━━ Material provided

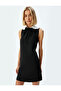 Sleeveless Lace Bebe Neckline Mini Dress with A-Line Tie Detail - 2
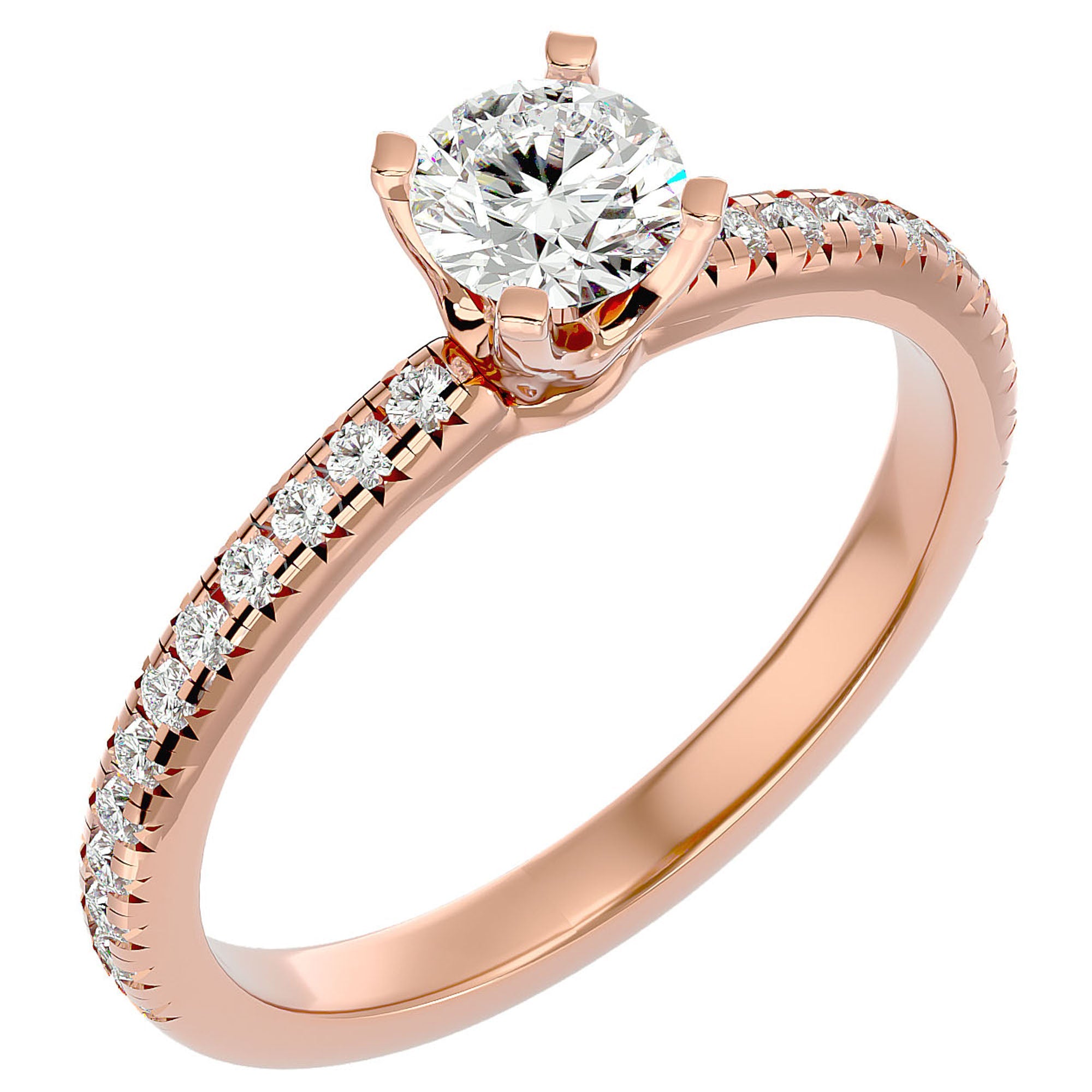 Inel De Logodnă Solitaire Enchantée din Aur 14k cu Moissanite de 0.91 ct din 14k Aur Roz - Castelo.ro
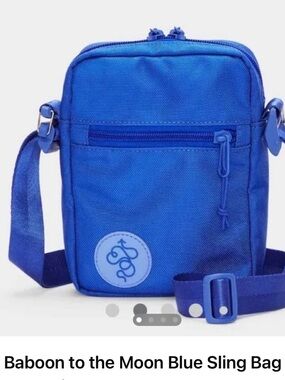 Baboon to the Moon Compact Blue Crossbody Bag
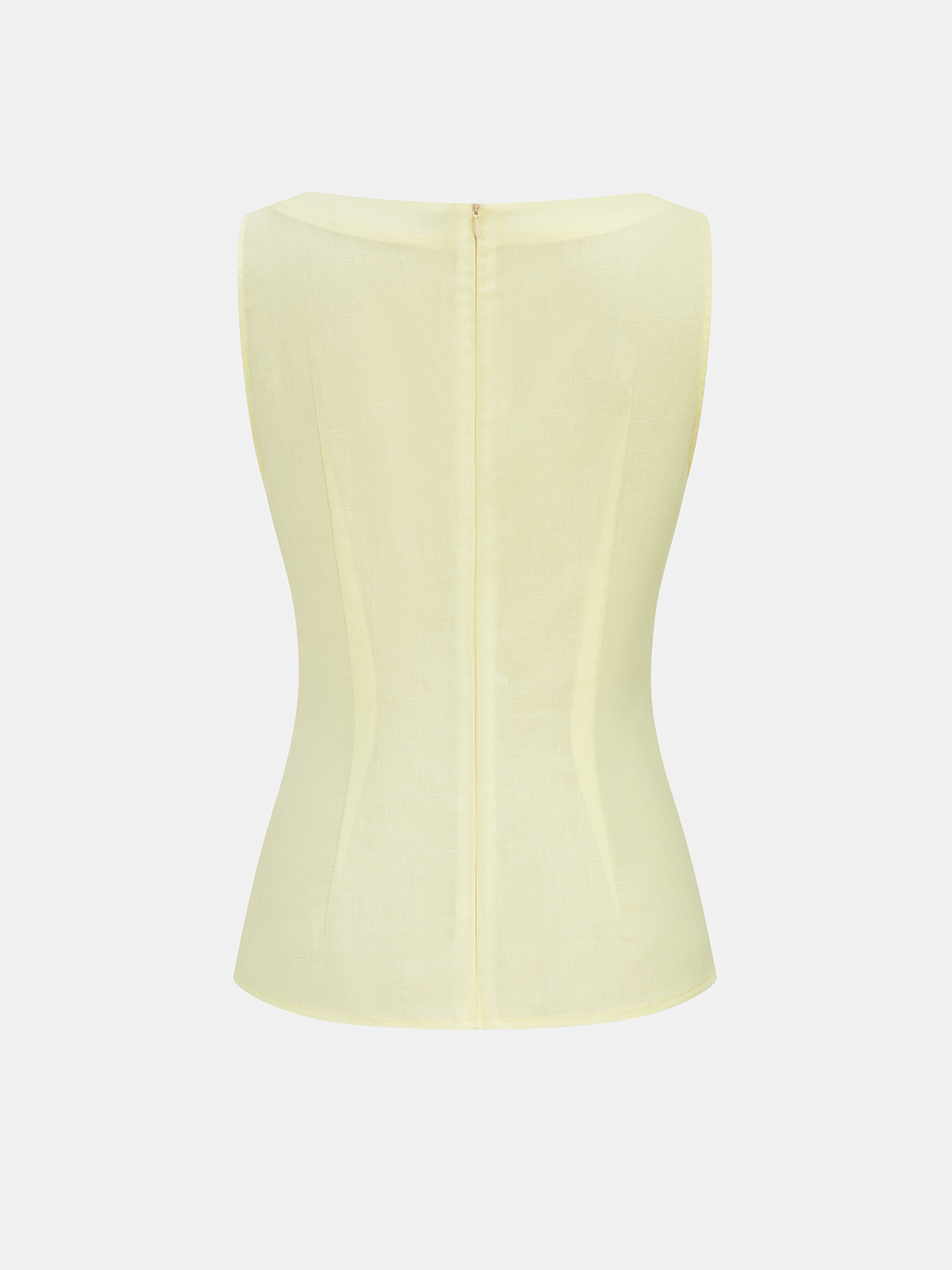 Twisted Waist Linen Blend Sleeveless Blouse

━━━━

Write the material above out again exactly. Omit every image.

Written answer
 Sleeveless Lace Bebe Neckline Mini Dress with A-Line Tie Detail - 2
 Inel De Logodnă Solitaire Enchantée din Aur 14k cu Moissanite de 0.91 ct din 14k Aur Roz - Castelo.ro
 Baboon to the Moon Compact Blue Crossbody Bag
 Twisted Waist Linen Blend Sleeveless Blouse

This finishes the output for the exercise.